5. En quatrième et dernier lieu, aux termes de l'article L. 251-4 du code de l'entrée et du séjour des étrangers et du droit d'asile : " L'autorité administrative peut, par décision motivée, assortir la décision portant obligation de quitter le territoire français édictée sur le fondement des 2° ou 3° de l'article L. 251-1 d'une interdiction de circulation sur le territoire français d'une durée maximale de trois ans".

6. En l'espèce, le préfet de police a assorti l'obligation de quitter le territoire français d'une décision d'interdiction de circuler sur le territoire français d'une durée de vingt-quatre mois. Contrairement à ce que soutient le requérant, le préfet de police a bien pris en considération la situation personnelle et familiale de l'intéressé, dont il fait état dans la décision litigieuse, à savoir sa qualité alléguée mais non établie de père de cinq enfants. La décision portant interdiction de circuler est motivée par la menace réelle, actuelle et suffisamment grave pour un intérêt fondamental de la société française que représente le comportement de M. B, signalé le 7 juillet 2025 pour des faits de vol en réunion. Le requérant ne fait valoir ni dans ses écritures ni à l'audience d'éléments particuliers afin de justifier que l'interdiction de circuler sur le territoire français porterait une atteinte disproportionnée à son droit au respect de sa vie privée et familiale. Dès lors, le moyen tiré de l'erreur d'appréciation ne peut qu'être écarté.

7. Il résulte de ce qui précède que M. B n'est pas fondé à demander l'annulation de la décision par laquelle le préfet de police lui a fait interdiction de circuler sur le territoire français pour une durée de vingt-quatre mois.

8. Il résulte de tout ce qui précède que la requête de M. B doit être rejetée en toutes ses conclusions.

D E C I D E

Article 1er : La requête de M. B est rejetée.

Article 2 : Le présent jugement sera notifié à M. A B et au préfet de police.

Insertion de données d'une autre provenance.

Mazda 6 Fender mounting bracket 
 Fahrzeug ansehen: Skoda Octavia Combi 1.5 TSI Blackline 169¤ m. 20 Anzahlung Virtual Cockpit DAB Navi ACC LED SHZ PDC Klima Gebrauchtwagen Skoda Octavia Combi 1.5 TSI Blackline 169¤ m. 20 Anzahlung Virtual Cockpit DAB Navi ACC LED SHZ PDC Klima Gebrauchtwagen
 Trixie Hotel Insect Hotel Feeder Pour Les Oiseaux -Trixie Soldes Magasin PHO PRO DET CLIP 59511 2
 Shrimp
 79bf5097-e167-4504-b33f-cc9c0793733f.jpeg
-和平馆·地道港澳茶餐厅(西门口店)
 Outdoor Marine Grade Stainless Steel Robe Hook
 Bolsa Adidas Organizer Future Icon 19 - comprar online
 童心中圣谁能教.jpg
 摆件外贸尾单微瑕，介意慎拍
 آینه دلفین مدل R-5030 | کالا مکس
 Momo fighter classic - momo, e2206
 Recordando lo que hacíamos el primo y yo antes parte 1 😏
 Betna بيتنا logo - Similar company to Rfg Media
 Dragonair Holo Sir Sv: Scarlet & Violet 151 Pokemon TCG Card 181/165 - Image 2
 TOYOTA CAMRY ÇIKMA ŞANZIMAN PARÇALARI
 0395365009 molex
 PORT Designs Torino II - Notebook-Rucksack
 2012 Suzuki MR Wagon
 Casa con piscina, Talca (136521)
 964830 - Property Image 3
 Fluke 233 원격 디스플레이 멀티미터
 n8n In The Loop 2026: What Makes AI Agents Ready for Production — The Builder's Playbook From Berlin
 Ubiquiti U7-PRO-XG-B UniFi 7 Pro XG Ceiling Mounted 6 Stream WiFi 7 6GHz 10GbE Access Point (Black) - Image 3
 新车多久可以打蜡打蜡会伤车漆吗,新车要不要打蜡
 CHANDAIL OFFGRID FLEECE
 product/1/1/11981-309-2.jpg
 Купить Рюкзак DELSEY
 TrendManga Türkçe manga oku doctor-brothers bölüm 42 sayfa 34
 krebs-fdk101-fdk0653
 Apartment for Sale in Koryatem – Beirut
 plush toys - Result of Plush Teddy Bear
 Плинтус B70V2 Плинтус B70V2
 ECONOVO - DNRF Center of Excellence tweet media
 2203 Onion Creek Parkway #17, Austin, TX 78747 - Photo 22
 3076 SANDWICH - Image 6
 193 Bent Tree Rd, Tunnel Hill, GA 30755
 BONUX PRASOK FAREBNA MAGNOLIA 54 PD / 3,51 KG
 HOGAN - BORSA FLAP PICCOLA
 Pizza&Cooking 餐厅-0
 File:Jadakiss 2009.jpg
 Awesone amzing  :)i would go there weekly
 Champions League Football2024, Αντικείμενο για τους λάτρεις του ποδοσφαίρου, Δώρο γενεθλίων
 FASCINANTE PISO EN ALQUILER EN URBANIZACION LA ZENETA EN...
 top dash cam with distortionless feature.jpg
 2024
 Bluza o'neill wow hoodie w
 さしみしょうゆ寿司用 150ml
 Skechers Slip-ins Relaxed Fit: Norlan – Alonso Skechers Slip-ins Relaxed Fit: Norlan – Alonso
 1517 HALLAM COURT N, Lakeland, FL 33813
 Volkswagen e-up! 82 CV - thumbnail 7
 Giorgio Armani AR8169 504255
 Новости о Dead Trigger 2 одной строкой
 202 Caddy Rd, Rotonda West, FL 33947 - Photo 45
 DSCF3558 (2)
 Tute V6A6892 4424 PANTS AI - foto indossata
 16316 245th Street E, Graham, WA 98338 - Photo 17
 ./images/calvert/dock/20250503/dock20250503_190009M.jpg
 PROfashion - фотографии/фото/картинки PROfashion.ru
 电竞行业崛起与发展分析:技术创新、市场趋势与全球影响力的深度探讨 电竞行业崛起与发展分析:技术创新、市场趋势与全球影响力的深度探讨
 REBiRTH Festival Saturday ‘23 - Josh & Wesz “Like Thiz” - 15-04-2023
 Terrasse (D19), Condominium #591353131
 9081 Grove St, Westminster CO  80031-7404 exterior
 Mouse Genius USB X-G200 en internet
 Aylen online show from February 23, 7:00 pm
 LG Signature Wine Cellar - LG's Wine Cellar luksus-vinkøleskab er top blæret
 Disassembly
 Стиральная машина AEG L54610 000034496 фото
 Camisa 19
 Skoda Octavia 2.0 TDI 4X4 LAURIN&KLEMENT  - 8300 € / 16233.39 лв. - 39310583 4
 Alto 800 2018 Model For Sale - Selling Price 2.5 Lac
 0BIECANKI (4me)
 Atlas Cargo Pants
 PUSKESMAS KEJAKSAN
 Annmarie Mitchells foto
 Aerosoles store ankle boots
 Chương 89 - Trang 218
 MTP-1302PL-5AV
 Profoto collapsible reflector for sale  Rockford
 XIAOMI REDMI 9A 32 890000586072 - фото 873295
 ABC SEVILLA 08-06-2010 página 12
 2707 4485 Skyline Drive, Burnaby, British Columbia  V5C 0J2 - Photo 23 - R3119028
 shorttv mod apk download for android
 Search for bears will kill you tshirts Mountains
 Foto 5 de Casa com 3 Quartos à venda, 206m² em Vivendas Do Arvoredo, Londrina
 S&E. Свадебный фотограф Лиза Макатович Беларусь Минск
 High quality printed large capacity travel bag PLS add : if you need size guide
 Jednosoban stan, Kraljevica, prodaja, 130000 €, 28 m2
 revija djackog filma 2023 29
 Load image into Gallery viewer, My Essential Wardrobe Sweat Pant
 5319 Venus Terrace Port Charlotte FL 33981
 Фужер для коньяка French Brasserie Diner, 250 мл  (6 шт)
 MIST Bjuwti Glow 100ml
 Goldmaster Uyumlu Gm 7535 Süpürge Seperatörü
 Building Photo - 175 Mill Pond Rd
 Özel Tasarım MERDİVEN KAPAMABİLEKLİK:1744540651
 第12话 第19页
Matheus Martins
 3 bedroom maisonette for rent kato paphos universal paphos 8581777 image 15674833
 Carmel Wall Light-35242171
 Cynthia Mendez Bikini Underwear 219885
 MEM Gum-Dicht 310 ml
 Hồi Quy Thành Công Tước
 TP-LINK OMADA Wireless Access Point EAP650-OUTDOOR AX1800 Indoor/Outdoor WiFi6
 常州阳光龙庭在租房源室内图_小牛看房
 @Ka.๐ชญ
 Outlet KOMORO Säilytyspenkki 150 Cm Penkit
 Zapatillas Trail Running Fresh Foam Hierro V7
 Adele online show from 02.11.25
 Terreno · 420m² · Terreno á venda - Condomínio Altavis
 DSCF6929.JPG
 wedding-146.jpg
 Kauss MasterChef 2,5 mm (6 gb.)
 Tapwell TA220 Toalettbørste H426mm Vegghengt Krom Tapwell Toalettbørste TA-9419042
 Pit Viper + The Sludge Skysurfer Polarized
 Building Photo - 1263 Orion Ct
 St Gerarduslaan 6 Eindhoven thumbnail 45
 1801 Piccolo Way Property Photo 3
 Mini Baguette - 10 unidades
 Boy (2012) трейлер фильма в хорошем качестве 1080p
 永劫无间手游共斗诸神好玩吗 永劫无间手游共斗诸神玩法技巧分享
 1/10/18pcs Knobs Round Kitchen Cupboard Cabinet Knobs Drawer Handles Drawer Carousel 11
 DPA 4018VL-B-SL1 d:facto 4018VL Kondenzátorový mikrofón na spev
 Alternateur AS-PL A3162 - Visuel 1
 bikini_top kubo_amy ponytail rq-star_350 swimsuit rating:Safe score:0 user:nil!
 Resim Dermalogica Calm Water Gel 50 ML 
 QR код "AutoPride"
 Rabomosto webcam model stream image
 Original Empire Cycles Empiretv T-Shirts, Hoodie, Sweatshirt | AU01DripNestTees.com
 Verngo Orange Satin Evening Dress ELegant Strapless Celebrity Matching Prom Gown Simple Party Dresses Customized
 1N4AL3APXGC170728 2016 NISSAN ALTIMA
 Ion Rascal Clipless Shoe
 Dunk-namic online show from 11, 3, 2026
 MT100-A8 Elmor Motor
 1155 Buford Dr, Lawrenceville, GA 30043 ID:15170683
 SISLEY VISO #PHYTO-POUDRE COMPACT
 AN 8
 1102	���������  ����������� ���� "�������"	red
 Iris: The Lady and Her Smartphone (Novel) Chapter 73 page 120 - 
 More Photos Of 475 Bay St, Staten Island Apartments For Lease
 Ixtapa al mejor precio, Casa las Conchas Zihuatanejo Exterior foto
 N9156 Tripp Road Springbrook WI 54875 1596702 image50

Rendu public par mise à disposition au greffe le 11 août 2025.

La magistrate désignée,

Signé

M. de SAINT CHAMAS

La greffière,

Signé

D. PERMALNAICK

La République mande et ordonne au préfet de police en ce qui le concerne ou à tous commissaires de justice à ce requis en ce qui concerne les voies de droit commun contre les parties privées de pourvoir à l'exécution de la présente décision.